4:00-5:00 pm Read your writing, get feed-forward.
9:00–11:30 am Short prompt or reading, then you write.
11:30 am–1:00 pm Group lunch and discussion, followed by a walk.
1:00-4:00 pm Write.
4:00-5:00 pm Read your writing, get feed-forward.


Yes, that’s right, you will do lots of writing (that’s the point). Here are the three norms that drive our group experience:

1. We write. That’s what we’re here for. It doesn’t matter if it’s crappy, spectacular, organized, or chaotic. Write. Period. Enough said.

2. We care—for ourselves and each other. If you need to move to write better, do it. If you need a quick nap to recharge, take one. If you need to talk about your writing, do so over lunch. We care for ourselves by doing what we need to do to get the writing done (see #1). We care for others by maintaining a quiet environment conducive to writing (see #1).

3. We share. At the end of the day, we read what we wrote, and others comment. It is not required that you do either. Just listening respectfully is caring (see #2). If we do read, we don’t start with some tiresome remark about how lame our writing is. If we comment on another’s writing, we focus on encouragement (see #2). This is not a critique or coaching session. It a time to write (see #1).
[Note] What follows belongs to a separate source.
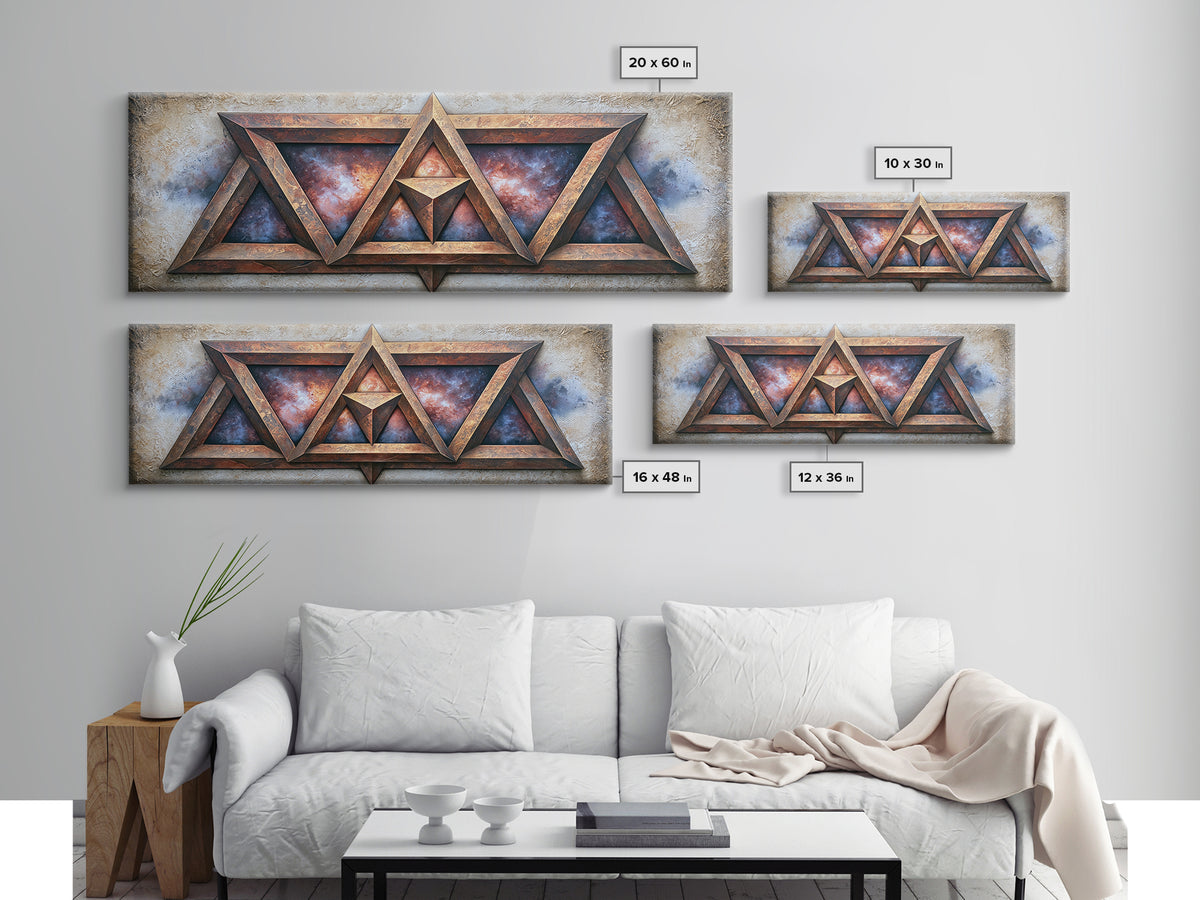 Star Tetrahedron with Watercolor Galaxy Wash Framed Canvas Print, Sacred Geometry Art, Wall Art, Living Room Decor, Geometry, SGA-3x1-72
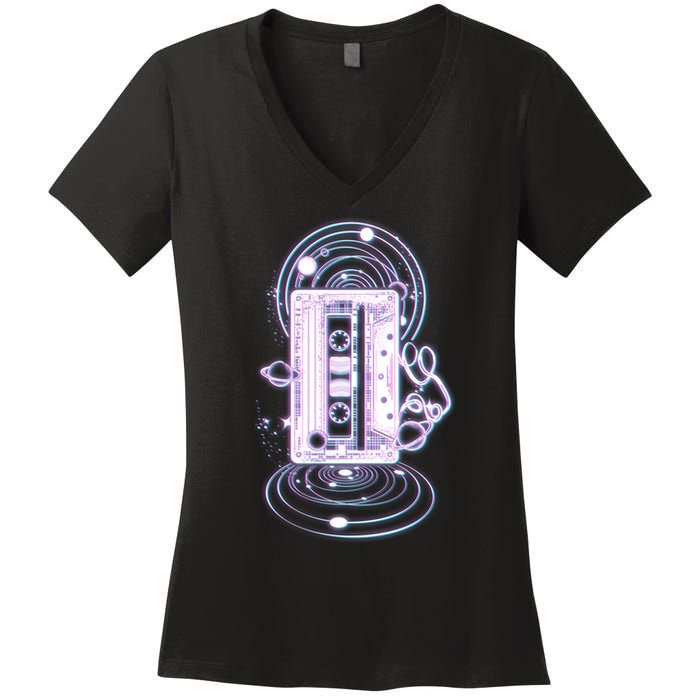 Galaxy Retro Space Cassette Tape Women's V-Neck T-Shirt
You put together an incredibly empowering weekend, one that enabled me to experience for the first time in many years what it feels like to be in the “writing flow.” I am truly glowing with the remembering of what that feels like. Wow!! —Connie Maltbie-Shulas
I had a book idea for years and never took the time to sit down and write it. I can’t believe I have six chapters written from this retreat! —Donna Miller
The camaraderie, the uplifting vibe of Megan’s farm, the delicious food, and the generously shared support and insights created the perfect environment for a very successful writing retreat. Highly recommended! —Jim McNerney
Expect the unexpected! I was amazed by the process, the experience, and what it produced.  —Barb Stone

For sure, there is huge power in writing in a group setting. It keeps you focused. You meet other creative people who want to express their original. And you have a goal every day—write, read, and get feed-forward.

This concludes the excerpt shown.